En zo kolkte in mijn brein de verbolgenheid, en indachtig Walter Benjamins Tijd van de technische reproduceerbaarheid werd ik een soort machteloze woede gewaar. Wat bedel ik daar om de tiet van de technologische reproductiemachine? Waarom moeten er heel veel exemplaartjes worden gemaakt van mijn boekje?

1) Zo BEREIK je mensen. Je wilt toch dat meer lezertjes je geliefde metafoortjes van het bronstige tramstel en de vriendelijke mastiff in maatpak en Vader Tijd de pandjesbaas enz lezen en er danig van opknappen?

2) Kijk, je kunt het of PDF of EPUB-bestand op het web zetten en smeken of mensen het willen lezen. Dat lezen is dan een gunst (aandacht is een gunst); je zit helemaal aan de andere kant van de wipwap. Wie zal er zich zo voor interesseren? Niemand!

3) Maar er 500 exemplaren van laten drukken kost veel geld, energie en bomen. Al die exemplaren worden dan 1 of 2 keer gelezen, zelden uitgeleend en eindigen allemaal in verstofte verzamelingen of dozen bij de Slegte. En dat allemaal om mijn eigen plaatsje te veroveren in de CAROUSEL VAN EER. Die metafoor moeten jullie trouwens onthouden, het is een fijne.

4) Wat te doen? Het geld-mannetje blijft zeuren en etteren. Misschien ben ik te niche of niet goed genoeg? Maar ik vínd dat er hele fraaie dingen in staan en ik ben toch echt niet zó bijzonder dat er niemand anders is dat dat ook vindt. En wanneer dat wél zo zou zijn, zou die bijzonderheid, in onze naar bijzonderheden hongerende tijdgeest, op zichzelf al een rechtvaardiging zijn van een klein houten paardje op de carousel van eer.

5) Maar hoe bereik je zo’n niche? Zonder advertenties, zonder dozen met boeken gedistribueerd via boekwinkels en webshops?
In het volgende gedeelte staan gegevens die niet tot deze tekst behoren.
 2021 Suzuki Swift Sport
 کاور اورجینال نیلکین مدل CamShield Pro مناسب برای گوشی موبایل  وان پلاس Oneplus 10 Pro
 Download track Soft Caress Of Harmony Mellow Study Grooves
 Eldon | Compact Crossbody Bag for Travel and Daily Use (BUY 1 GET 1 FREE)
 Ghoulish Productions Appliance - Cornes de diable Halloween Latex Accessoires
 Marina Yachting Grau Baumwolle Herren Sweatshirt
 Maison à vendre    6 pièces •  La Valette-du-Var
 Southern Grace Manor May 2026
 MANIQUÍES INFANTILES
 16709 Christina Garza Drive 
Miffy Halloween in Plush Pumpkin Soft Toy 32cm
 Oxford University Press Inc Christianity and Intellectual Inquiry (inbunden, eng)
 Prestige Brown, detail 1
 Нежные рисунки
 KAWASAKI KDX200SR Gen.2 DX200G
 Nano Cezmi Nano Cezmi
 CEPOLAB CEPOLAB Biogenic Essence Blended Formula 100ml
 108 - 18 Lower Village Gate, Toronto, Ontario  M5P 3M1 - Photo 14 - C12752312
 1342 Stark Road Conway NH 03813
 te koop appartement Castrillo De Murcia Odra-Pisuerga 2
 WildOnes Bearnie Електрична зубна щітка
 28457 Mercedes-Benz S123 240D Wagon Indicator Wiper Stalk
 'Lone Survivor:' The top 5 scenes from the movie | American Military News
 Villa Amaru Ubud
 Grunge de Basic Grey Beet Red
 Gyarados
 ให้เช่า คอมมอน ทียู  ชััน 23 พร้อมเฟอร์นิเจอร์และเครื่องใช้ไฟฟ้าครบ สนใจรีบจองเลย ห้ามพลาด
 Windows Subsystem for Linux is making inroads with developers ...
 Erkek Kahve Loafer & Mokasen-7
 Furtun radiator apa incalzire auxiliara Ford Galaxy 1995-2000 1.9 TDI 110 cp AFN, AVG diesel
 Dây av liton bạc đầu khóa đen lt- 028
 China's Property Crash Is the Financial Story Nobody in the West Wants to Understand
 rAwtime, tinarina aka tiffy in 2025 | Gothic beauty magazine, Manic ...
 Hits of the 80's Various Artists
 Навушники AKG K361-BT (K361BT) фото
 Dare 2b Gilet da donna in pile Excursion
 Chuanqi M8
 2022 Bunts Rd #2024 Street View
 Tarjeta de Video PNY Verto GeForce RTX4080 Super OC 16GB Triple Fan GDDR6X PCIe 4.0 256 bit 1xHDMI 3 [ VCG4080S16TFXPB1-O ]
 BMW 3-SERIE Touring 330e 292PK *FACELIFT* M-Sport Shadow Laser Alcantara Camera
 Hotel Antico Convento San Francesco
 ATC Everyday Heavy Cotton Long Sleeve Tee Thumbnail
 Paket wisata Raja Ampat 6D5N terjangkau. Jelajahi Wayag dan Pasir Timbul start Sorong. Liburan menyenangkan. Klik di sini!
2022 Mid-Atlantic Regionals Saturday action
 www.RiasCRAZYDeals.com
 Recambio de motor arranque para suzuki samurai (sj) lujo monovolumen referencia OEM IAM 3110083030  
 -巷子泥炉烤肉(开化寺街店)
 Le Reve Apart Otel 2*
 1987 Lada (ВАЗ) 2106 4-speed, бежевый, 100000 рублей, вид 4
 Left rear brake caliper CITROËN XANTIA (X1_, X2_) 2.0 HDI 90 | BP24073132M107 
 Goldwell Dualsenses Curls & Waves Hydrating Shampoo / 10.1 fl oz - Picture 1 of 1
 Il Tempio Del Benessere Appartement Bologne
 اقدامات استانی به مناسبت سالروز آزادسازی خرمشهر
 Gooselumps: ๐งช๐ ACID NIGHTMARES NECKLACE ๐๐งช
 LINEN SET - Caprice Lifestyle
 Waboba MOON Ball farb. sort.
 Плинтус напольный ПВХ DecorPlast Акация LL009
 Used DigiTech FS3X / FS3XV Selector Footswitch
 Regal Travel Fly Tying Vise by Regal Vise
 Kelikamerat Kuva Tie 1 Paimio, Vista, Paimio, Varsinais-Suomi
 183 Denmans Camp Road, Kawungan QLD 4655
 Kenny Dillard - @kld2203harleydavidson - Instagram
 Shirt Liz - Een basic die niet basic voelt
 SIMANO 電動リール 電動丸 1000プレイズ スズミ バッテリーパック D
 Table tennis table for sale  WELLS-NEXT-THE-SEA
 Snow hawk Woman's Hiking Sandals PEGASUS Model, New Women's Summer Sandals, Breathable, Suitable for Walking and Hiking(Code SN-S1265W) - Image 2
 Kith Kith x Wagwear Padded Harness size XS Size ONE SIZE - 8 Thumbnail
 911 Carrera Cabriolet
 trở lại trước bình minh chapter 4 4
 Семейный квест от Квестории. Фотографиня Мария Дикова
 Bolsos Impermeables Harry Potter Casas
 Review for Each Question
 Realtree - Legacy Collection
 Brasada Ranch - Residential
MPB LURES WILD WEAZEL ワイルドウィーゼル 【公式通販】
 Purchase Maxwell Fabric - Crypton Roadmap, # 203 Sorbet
Het antwoord, dat laten we ons voorstellen een minzame glimlach van Walter Benjamin oplevert, is om de boeken zelf in zeer kleine oplage te produceren. Op zodanige wijze dat het in juridische zin geen boeken zijn (misschien moeten het rollen/worsten zijn die er ook niet uitzien als een boek, dat zou ik van een jurist willen weten.)

6) Die kunstobjecten, die dus gelezen kunnen worden, zijn voorzien van een register achterin, waarin de lezers hun commentaren en aanbevelingen aan – de volgende lezer kunnen zetten. Het werkt als de aloude boekenketting, met dien verstande dat het boek alleen in deze vorm bestaat. Er wordt online bijgehouden waar het exemplaar zich bevindt.

7) Waarom is dit zo slim? Ken je het gevoel van “oh wat ik hier lees, dat is nu echt typisch iets voor hem/haar/hen?” X zou dit ook moeten lezen. Laat ik het voor X kopen. Kopen! Zwengel de machine aan! 40% naar de boekhandel, 30% naar de uitgever, 20% naar de productie, 10% naar de schrijver! Pompen! Er is kwaliteitscontrole geweest, genoeg partijen hebben skin in the game. Dit is tenslotte de enige manier waarop we het kaf van het koren kunnen scheiden, toch?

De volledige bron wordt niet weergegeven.